# WORK INSTRUCTIONS
Copy out each line of the listing below where the string "Silver" appears.

--

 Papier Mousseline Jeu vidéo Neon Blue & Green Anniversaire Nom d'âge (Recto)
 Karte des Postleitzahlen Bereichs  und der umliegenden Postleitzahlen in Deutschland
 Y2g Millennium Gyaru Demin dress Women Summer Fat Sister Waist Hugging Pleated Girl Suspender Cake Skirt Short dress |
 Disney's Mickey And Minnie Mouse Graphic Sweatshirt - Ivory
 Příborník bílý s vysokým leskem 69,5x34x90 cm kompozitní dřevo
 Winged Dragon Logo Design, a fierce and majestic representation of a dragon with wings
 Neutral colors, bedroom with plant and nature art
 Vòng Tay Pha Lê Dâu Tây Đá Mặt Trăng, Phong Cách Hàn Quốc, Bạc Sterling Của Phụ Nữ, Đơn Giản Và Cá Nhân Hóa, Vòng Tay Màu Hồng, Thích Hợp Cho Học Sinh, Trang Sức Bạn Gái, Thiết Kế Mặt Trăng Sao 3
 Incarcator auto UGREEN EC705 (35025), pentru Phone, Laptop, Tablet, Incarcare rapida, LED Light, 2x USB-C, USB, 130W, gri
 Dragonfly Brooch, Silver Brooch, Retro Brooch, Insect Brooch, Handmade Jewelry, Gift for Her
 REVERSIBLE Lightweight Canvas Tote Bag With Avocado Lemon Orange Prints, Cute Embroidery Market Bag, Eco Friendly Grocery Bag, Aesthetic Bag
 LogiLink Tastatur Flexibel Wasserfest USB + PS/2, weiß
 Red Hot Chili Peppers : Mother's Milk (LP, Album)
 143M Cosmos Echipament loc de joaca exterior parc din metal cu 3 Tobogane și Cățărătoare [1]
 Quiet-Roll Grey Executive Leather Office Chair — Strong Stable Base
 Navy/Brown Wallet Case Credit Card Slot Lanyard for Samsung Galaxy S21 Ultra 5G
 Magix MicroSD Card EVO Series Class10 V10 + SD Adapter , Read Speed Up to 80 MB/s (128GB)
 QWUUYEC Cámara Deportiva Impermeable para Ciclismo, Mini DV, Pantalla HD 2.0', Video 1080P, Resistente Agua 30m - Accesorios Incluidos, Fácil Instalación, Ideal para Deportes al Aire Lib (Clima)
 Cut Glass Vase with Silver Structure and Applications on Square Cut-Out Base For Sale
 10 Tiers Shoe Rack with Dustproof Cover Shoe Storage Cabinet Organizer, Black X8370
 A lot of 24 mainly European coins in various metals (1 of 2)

--

# COMPLETED TASK
 Dragonfly Brooch, Silver Brooch, Retro Brooch, Insect Brooch, Handmade Jewelry, Gift for Her
 Cut Glass Vase with Silver Structure and Applications on Square Cut-Out Base For Sale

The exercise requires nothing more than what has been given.